= The Crime of Korea =

1950 film

The Crime of Korea was a 1950 propaganda film produced by the US Army Signal Corps mainly concerning the war crimes committed by the North Koreans.

==Plot==

Crime of Korea opens with the narrator reminiscing about what Korea was like when he first arrived in 1945 for the Japanese surrender. He notes how well the Allies were received and how the Korean people were glad to finally be rid of their Japanese colonial masters, as well as "centuries of Russian and Chinese domination." Various public buildings are shown and the many activities for rebuilding the nation are described.

Flash forward to 1950, and the narrator is back in Korea as a war correspondent.
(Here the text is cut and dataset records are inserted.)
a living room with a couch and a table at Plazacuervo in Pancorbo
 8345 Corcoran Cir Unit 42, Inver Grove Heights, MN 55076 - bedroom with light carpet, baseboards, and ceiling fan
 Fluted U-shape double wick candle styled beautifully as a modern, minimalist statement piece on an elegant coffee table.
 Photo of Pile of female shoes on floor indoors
The many buildings and public centers are seen gutted or destroyed and many Korean people are shown shot, with their hands tied behind their backs. The narrator gives background information about Communist war crimes, stating that it was monotonous that they found the same stories everywhere. But then, there was the crime of war, the crime of aggression that has sent so many people to their deaths needlessly.

The massacre shown illustrates the true nature of the aggressor, the North Korean invaders. "Everywhere lay the murdered dead". The field of pits of dead bodies shown in the film is from the Daejeon massacre. The film suggests the numbers of victims are 10,000 to 25,000 or more. The narrator tells us that "...perhaps the total figure right now is approximate, if that makes any difference." The actual number was over 7,000.

Other details that don't seem to make any difference to the narrator who vows that "we will make these war criminals (meaning the communists who are blamed for the massacre) pay." According to the historian Bruce Cumings, author of books on the origins and conduct of the Korean War, "this is a complete reversal of black and white done as a matter of policy". The Taejon massacre near Seoul was conducted by South Korean police while American military and intelligence people watched. This information was suppressed and the more revealing photos showing the true perpetrators classified until those photos were released in 1999. According to Cumings, the film follows an official policy to deceive viewers into thinking that the massacre was conducted by North Korean aggressors.

Shots are then shown of Kim Il Sung and the Communist leadership, as well as Communist rallies and parades, and the narrator speaks about the need to counter it to stop "other Koreas."

The final segment of the film exerts the home front to keep up production and buy war bonds for the war effort.